Cada vez que pasamos una página, la desaparición de las letras convoca una pregunta obvia: ¿dónde irán? ¿Cómo funciona virtualmente esa desaparición en apariencia tan límpida y sencilla? La tonta disolución de la página adquiere, de pronto, dimensión filosófica: ¿dónde va el tiempo, dónde se acumulan los días? Esa artificialidad del Kindle, sin querer, remite a la artificialidad insospechada del tiempo vital: ¿dónde está todo lo que hicimos, todo lo que fuimos? La vida no es como en los libros –tristeza melancólica del Quijote–: no se acumula en ningún lado y decir que somos ese recién nacido de la foto es una metáfora neurótica para no volvernos locos. En ese truco de magia de la página que desaparece, el libro electrónico se vuelve inquietante. El libro impreso, por el contrario, es tranquilizador porque genera la ficción del archivo: acá está lo que somos, no se va a ninguna parte, podemos medirlo con el arco de los dedos, pesarlo con las manos, abrirlo y cerrarlo, ver el avance y ver el retroceso, constatar por medio del ojo que existimos y que la materia nos redime. La ventaja espacial del libro electrónico –podemos acumular mil en un paralelepípedo alto como una lapicera– es, a la vez, su lubricante de angustia; el rectángulo nunca cambia, no avanza ni retrocede, su estatismo amenaza nuestro imaginario: ¿y si nos quedamos varados acá para siempre? 

Toda lectura es un acto corporal, físico: el Kindle se sostiene en una mano, el libro en las dos. Una amiga me comentaba que, cuando tuvo a su hijo, podía leer y sostenerlo en brazos al mismo tiempo. Esta excepcionalidad revela, como contrapartida, una condición postural: hay una gimnasia de la lectura, leer implica siempre un entrenamiento físico, vencer un dolor muscular y transformarlo alquímicamente en una memoria muscular, como la que demanda el aprendizaje de cualquier instrumento musical, incluso de la danza.

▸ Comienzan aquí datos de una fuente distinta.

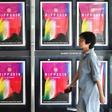 A woman walks past posters for the Busan International Film Festival at the Busan Cinema Center in South Korea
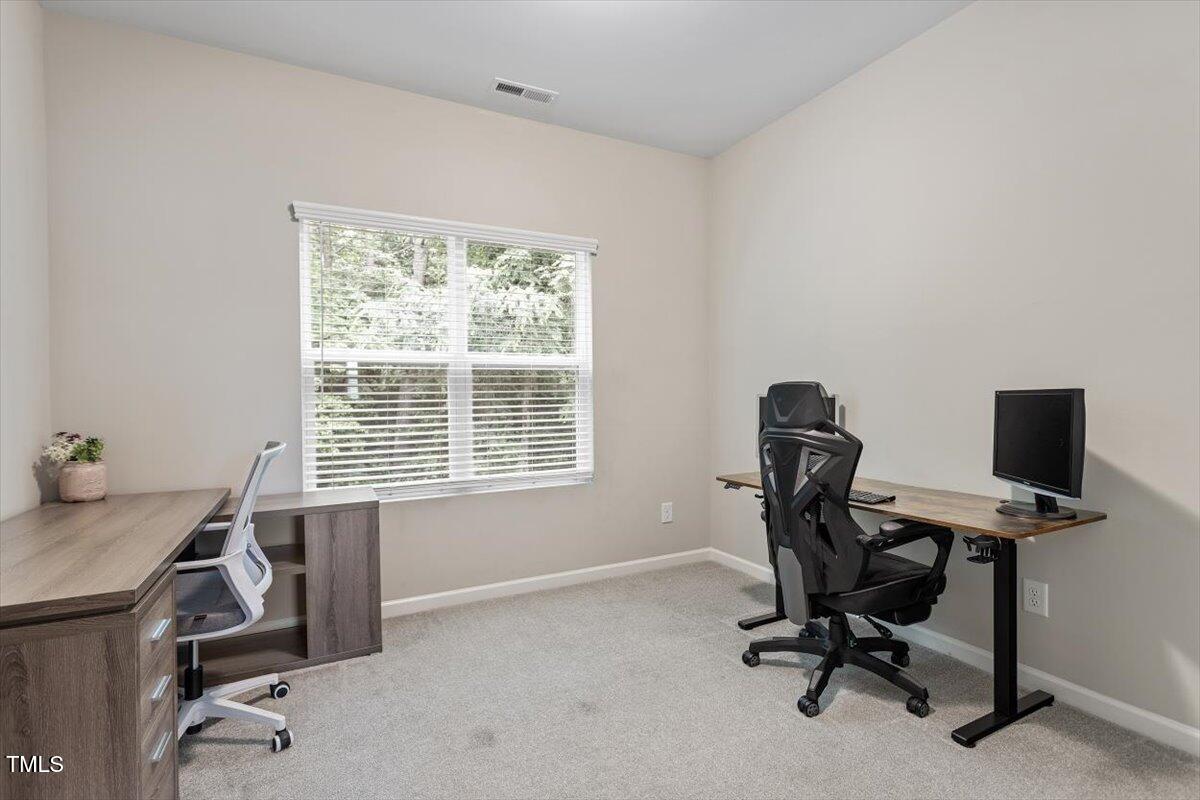 320 Everly Mist Way Wake Forest, NC 27587 - Photo 19 of 34 a view of a workspace with a window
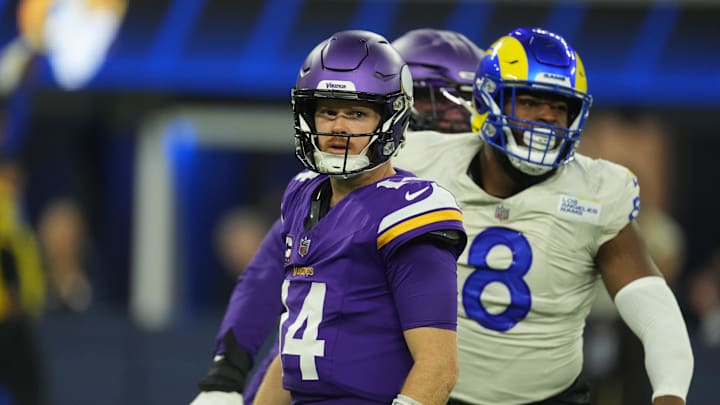 Oct 24, 2024; Inglewood, California, USA; Minnesota Vikings quarterback Sam Darnold (14) reacts against the Los Angeles Rams in the first half at SoFi Stadium. Mandatory Credit: Kirby Lee-Imagn Images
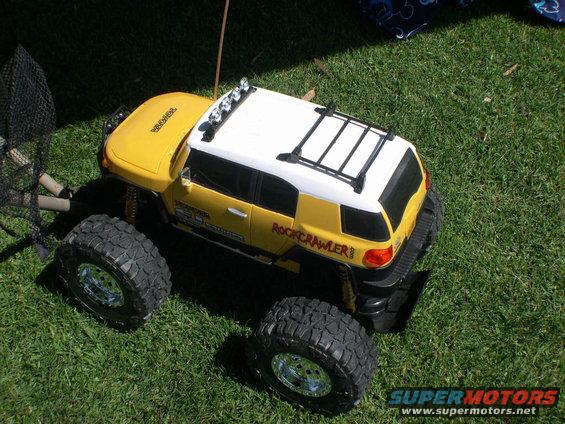 Yellow and white remote control rock crawler toy with large tires and roof rack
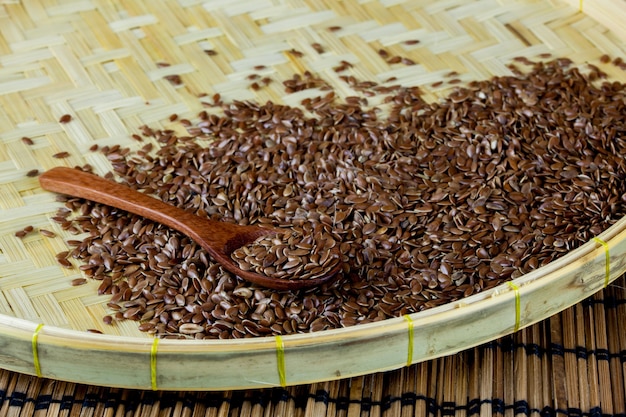 flax seed with spoon placed on flat woven basket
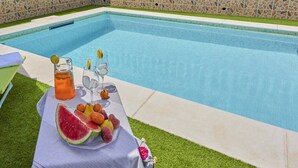Een tafel bij het zwembad met een fruitschaal, een karaf en glazen.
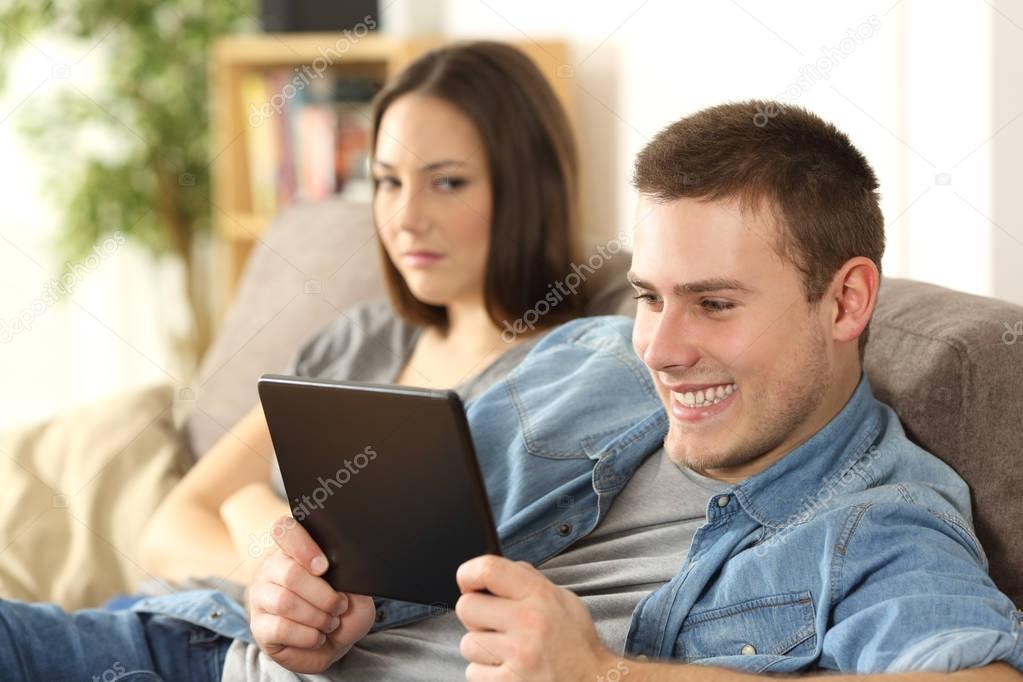 Husband watching online content and ignoring his wife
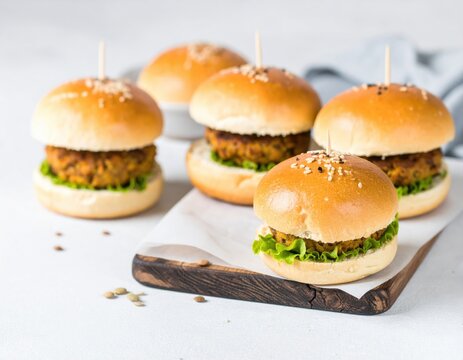 Small vegan lentil burgers with fresh green lettuce and sesame seed buns are neatly arranged on a wooden board on a light table, ready to be enjoyed.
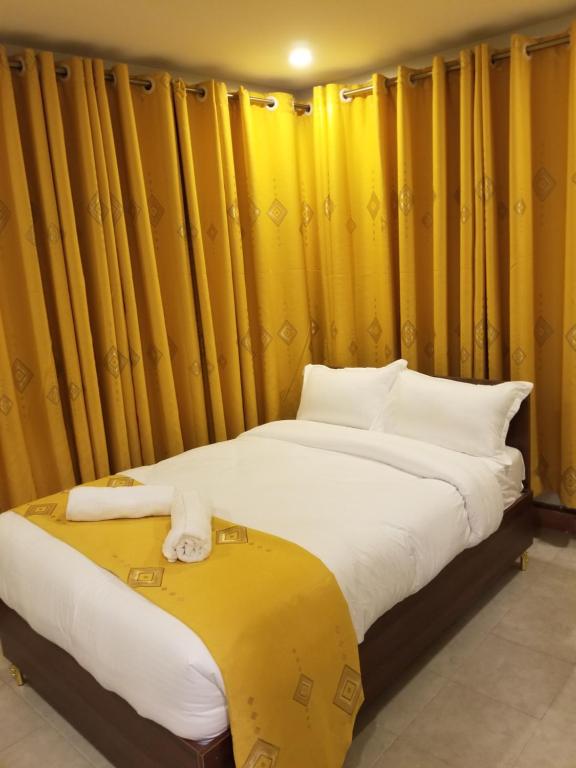 Voodi või voodid majutusasutuse 7 Days Holiday Inn toas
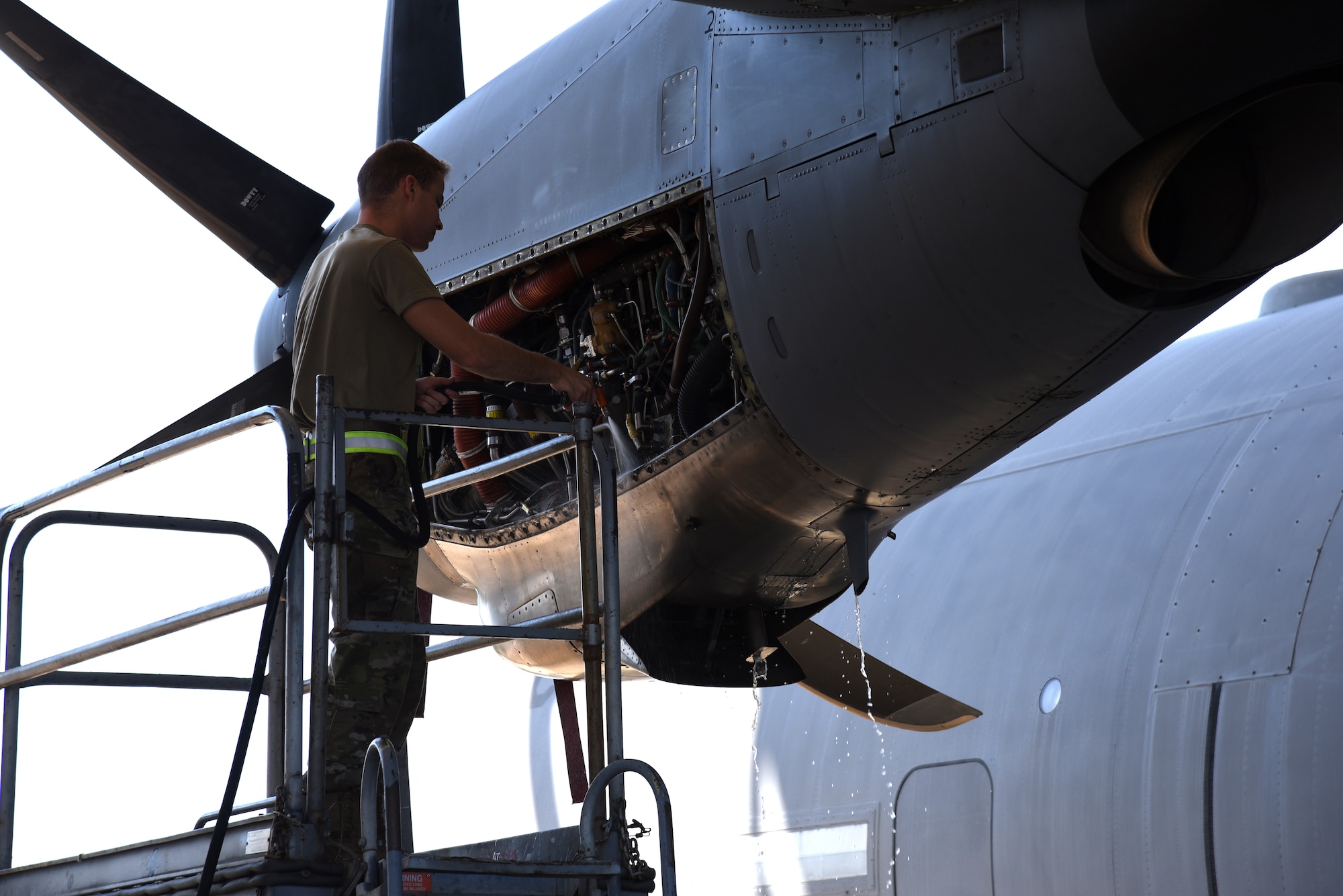 Senior Airman Jake Koltas, 403rd Maintenance Squadron propulsion technician, sprays the interior of the engine on an 815th Airlift Squadron C-130J Super Hercules removing excess dirt inside the engine compartment prior to completing an Engine Compressor Wash before the aircraft goes for a "C" letter inspection in the Isochronal Dock at Keesler Air Force Base, Mississippi May 11, 2020. These inspections or letter checks can range from "A" five days basic check, "B" 18 days and more in depth, to "C" 22 days which is the most intrusive inspection; but are necessary to keep the aircraft maintained. (U.S. Air Force photo by Jessica L. Kendziorek)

Sucede con las Obras Completas: ¡qué incómodas son, qué inmanejables! El tamaño del libro electrónico es ciertamente más cómodo y esa comodidad borra el dominio acrobático de la lectura o, al menos, lo cambia por otro: el cuidado, la delicadeza. Si el dispositivo se nos cae, es probable que la pantalla no sobreviva. Sostenemos en la mano un objeto frágil, cuyo orden háptico se limita a un roce suave sobre la iridiscencia de la pantalla. 

Por supuesto, ninguna tecnología es mejor que la otra: no hay, de hecho, tecnologías, sino experiencias tecnológicas, usuarios, sujetos que interactúan a su manera con las ventajas y desventajas que cada objeto nos brinda y opone casi en partes iguales. «¿Quién lee para conseguir un fin?» se pregunta Virginia Woolf, en una conferencia en la que imagina esta hermosa escena final: es el apocalipsis y un dios envidioso viene a darles una recompensa a los seres humanos; cuando es el turno de «los lectores», una voz estruendosa se pronuncia: «Estos no necesitan recompensa. No  tenemos nada para darles. Han amado la lectura».